TASK TO COMPLETE: Set down all of the data again, character for character.

** DATA EXCERPT follows **

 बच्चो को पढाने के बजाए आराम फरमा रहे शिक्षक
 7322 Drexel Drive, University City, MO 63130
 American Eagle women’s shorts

** End of DATA EXCERPT **

EXERCISE RESULT:
 बच्चो को पढाने के बजाए आराम फरमा रहे शिक्षक
 7322 Drexel Drive, University City, MO 63130
 American Eagle women’s shorts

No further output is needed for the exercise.